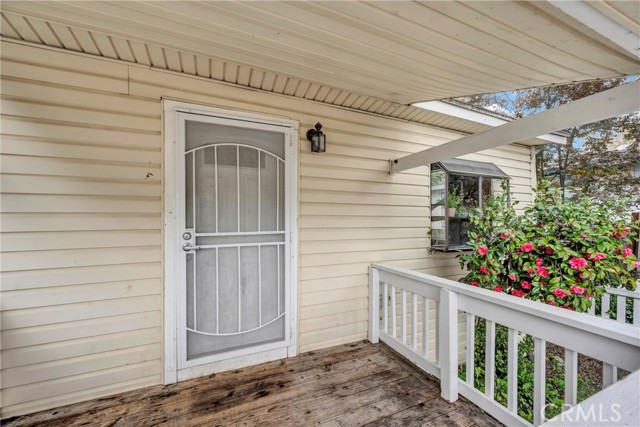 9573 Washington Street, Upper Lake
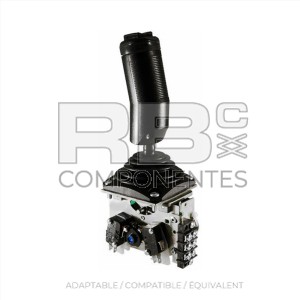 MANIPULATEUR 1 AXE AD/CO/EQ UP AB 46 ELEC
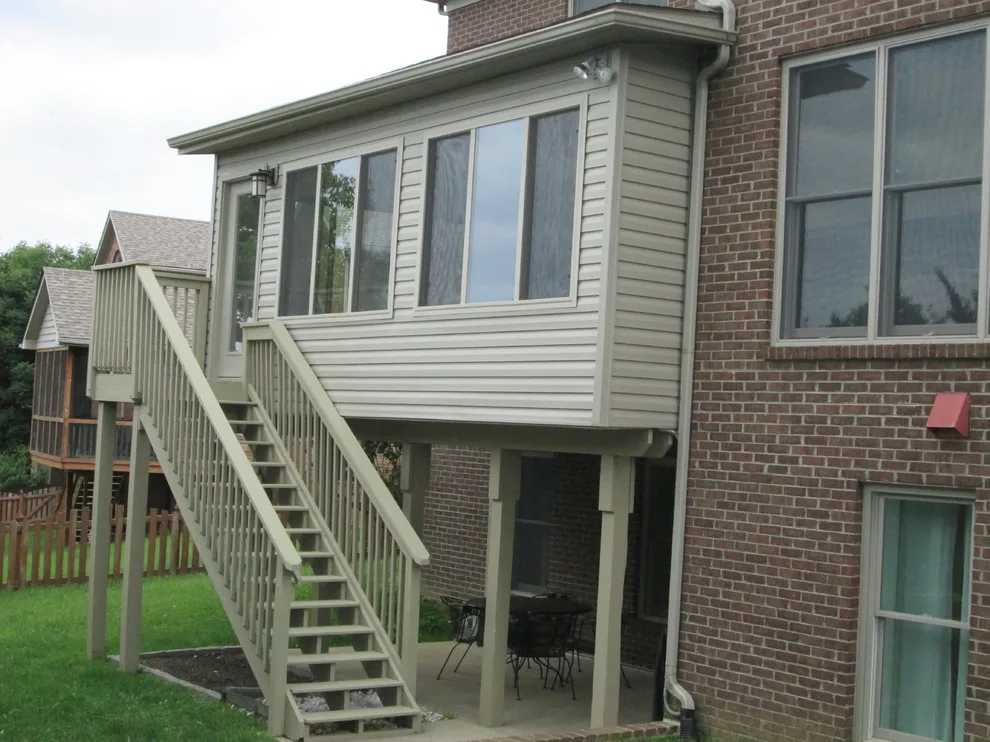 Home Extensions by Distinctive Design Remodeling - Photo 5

--- WORK REQUIRED ---
Return the lines of the data above in full and exactly, with no pictures.

--- RESPONSE BOX ---
 9573 Washington Street, Upper Lake
 MANIPULATEUR 1 AXE AD/CO/EQ UP AB 46 ELEC
 Home Extensions by Distinctive Design Remodeling - Photo 5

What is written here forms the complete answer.